Matisse travaille, au moyen de ses papiers gouachés découpés, au premier projet de vitraux : le grand vitrail double du chœur, La Jérusalem céleste et ceux de la nef, Les Abeilles.
En juin, Matisse part quelques mois à Paris. Il reçoit la visite du père Couturier, dominicain, qui se charge d’intervenir auprès de la mère Agnès, Supérieure générale des dominicaines de Monteils, afin de la convaincre de donner son accord pour que Matisse réalise la chapelle de Vence. Sœur Jacques-Marie reçoit la responsabilité tacite de cette réalisation.
Matisse commence à réaliser de nombreuses esquisses pour la Vierge à l’Enfant et le Chemin de croix.
En janvier Matisse quitte la villa « Le Rêve » pour s’installer dans son appartement du Régina à Nice, dont les grands volumes se rapprochent des dimensions de la chapelle pour travailler sur les maquettes des panneaux et des vitraux à l’échelle.
Matisse travaille sur une nouvelle version de vitraux autour du thème de l’Arbre de Vie.
Il réalise de nombreux dessins préparatoires pour les panneaux de Saint Dominique, la Vierge à l’Enfant et le Chemin de croix.
Le 12 décembre, cérémonie de la pose de la première pierre par l’évêque de Nice.

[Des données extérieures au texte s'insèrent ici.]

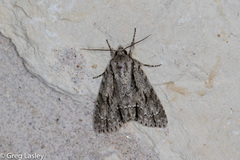 Acronicta texana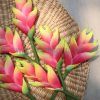 FHEL01 : HELICONIA ( 5*8 CM) - Image 3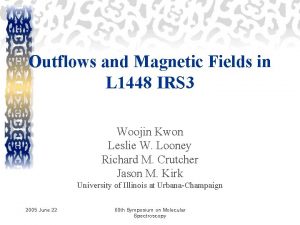Outflows and Magnetic Fields in L 1448 IRS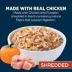 Authority Digestive Support Adult Wet Dog Food - Chicken with Pumpkin, 10 oz image thumbnail 3
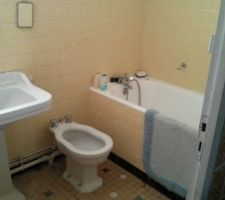 La maison telle que nous l'avons achetée. La salle de bains du sous-sol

La construction débute et dure un an. Matisse peint sur des carreaux de céramique les panneaux du Chemin de croix, de la Vierge à l’Enfant et de Saint Dominique.
Pose de la flèche sur le toit et pose des vitraux par le maître-verrier Paul Bony, en présence du père Couturier. Matisse réalise le tondo en céramique de la Vierge à l’Enfant placé à l’extérieur au-dessus du vitrail double du chœur.
Matisse conçoit l’ensemble des vêtements liturgiques.
Le 25 juin, cérémonie de la bénédiction de chapelle par Mgr Rémond, évêque de Nice.